• Problem statement: Your job is to print, exactly, the lines in the data below from the line with "Hello, this is" through the line with "I love Quantrix", both included, and to omit any picture.

• Data supplied:
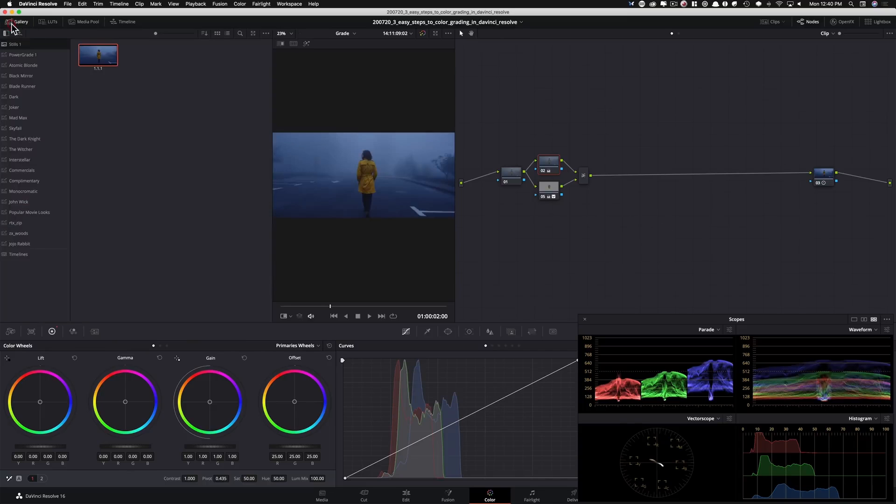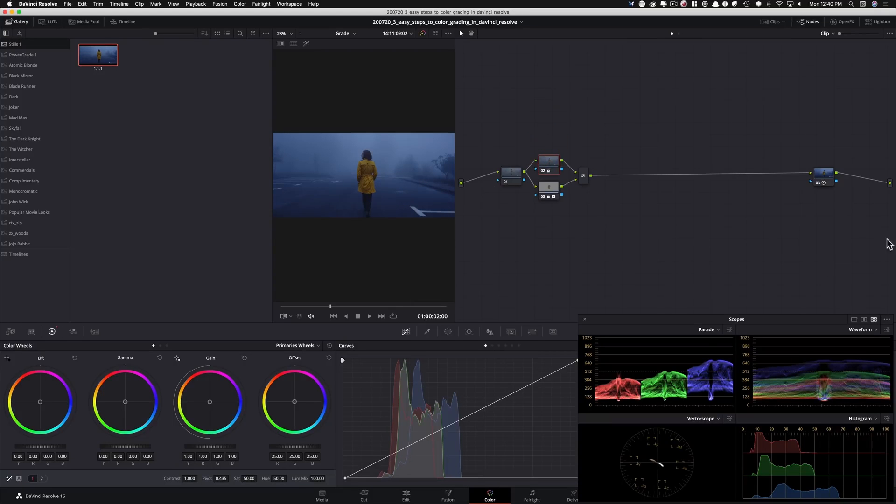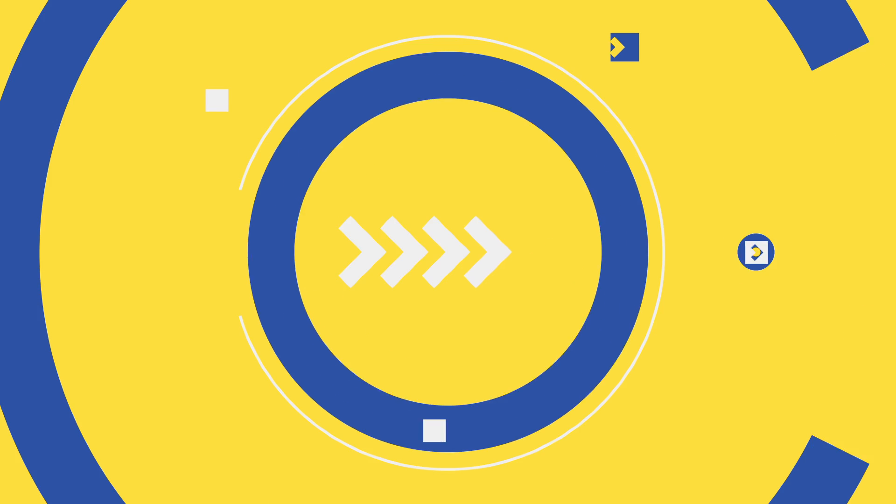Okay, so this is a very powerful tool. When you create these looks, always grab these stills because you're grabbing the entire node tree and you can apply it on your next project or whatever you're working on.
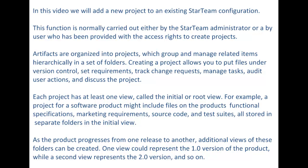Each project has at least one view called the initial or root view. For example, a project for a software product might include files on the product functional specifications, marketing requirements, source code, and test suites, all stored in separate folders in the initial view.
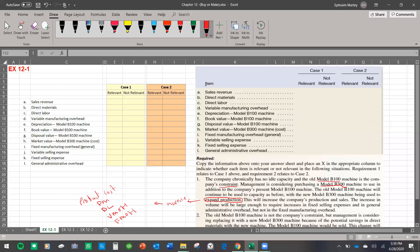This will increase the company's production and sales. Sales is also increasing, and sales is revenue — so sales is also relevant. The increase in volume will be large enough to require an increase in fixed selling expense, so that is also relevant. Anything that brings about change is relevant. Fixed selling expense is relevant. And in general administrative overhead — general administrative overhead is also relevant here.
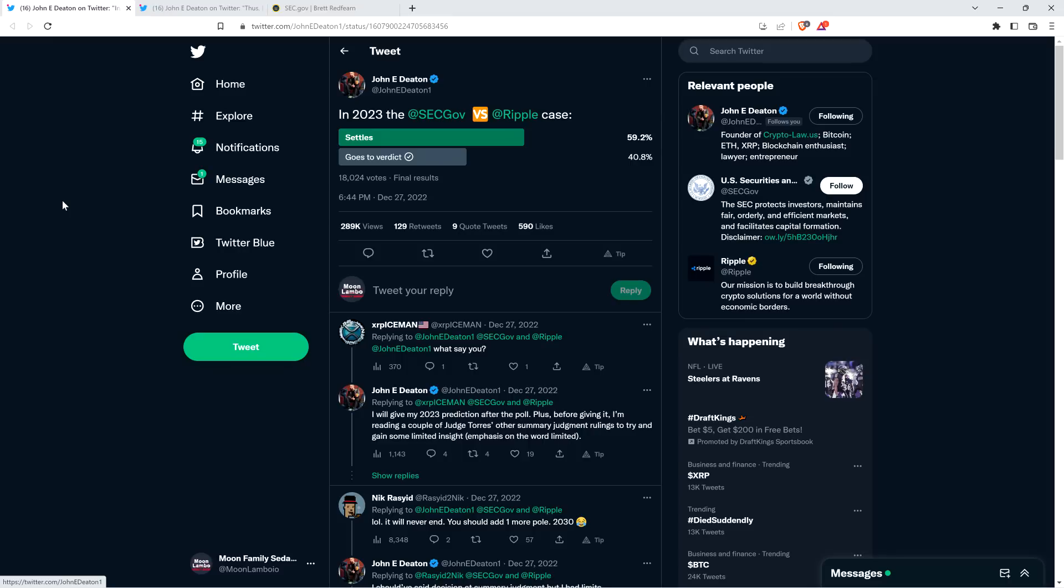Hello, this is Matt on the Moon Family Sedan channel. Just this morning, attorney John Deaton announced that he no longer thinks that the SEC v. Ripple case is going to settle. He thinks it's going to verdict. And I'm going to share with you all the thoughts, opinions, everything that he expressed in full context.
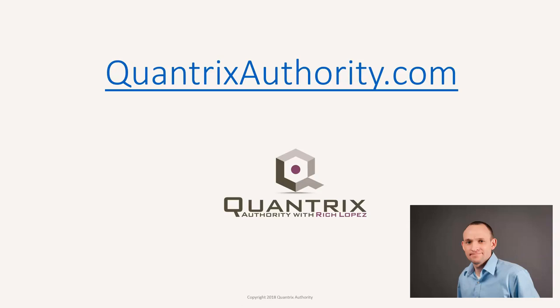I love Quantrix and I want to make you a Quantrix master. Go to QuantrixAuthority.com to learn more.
--
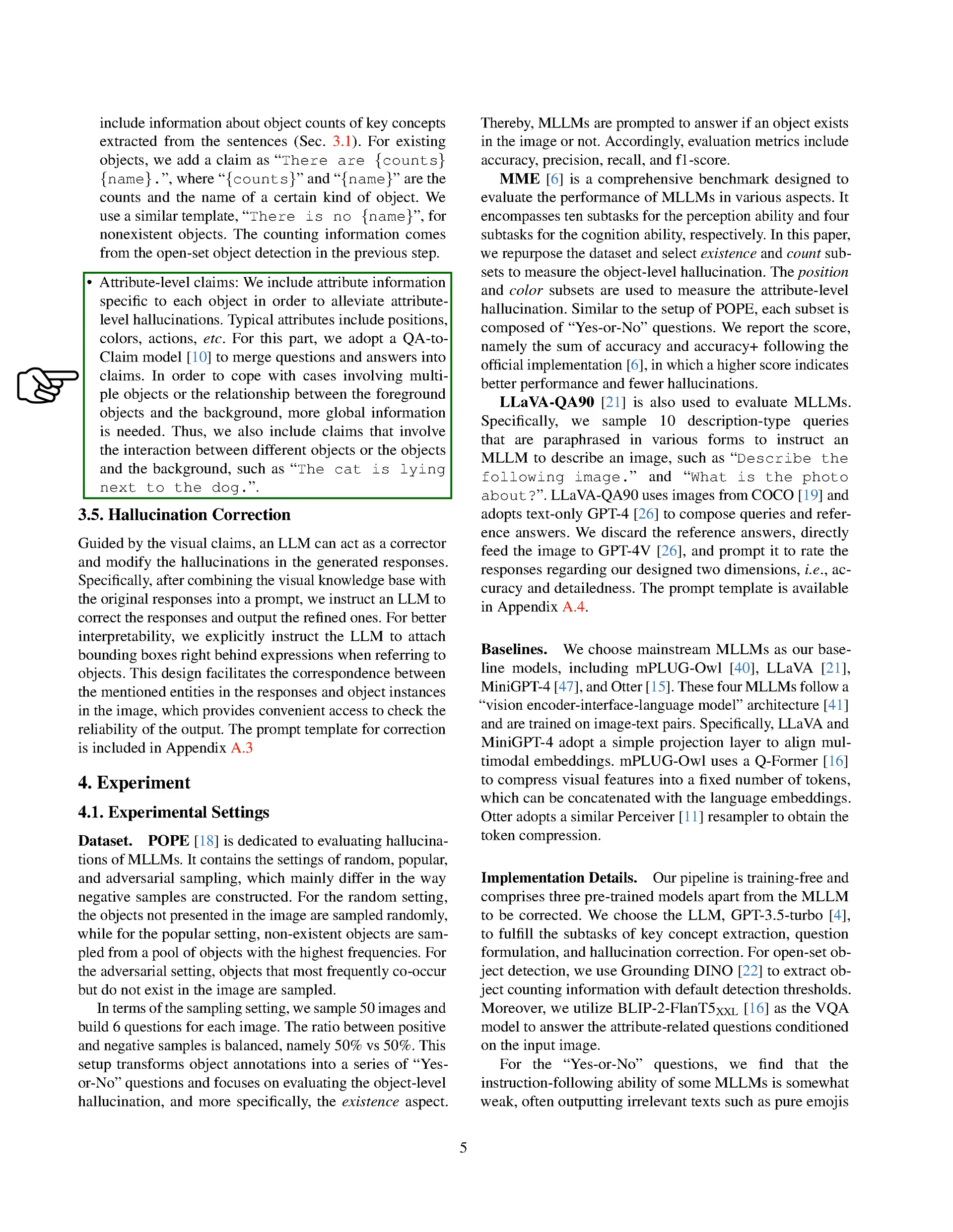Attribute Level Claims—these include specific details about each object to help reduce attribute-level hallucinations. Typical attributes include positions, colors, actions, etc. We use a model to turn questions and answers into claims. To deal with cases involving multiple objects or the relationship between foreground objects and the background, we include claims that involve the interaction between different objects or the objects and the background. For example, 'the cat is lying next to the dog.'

• Response:
Hello, this is Matt on the Moon Family Sedan channel. Just this morning, attorney John Deaton announced that he no longer thinks that the SEC v. Ripple case is going to settle. He thinks it's going to verdict. And I'm going to share with you all the thoughts, opinions, everything that he expressed in full context.
I love Quantrix and I want to make you a Quantrix master. Go to QuantrixAuthority.com to learn more.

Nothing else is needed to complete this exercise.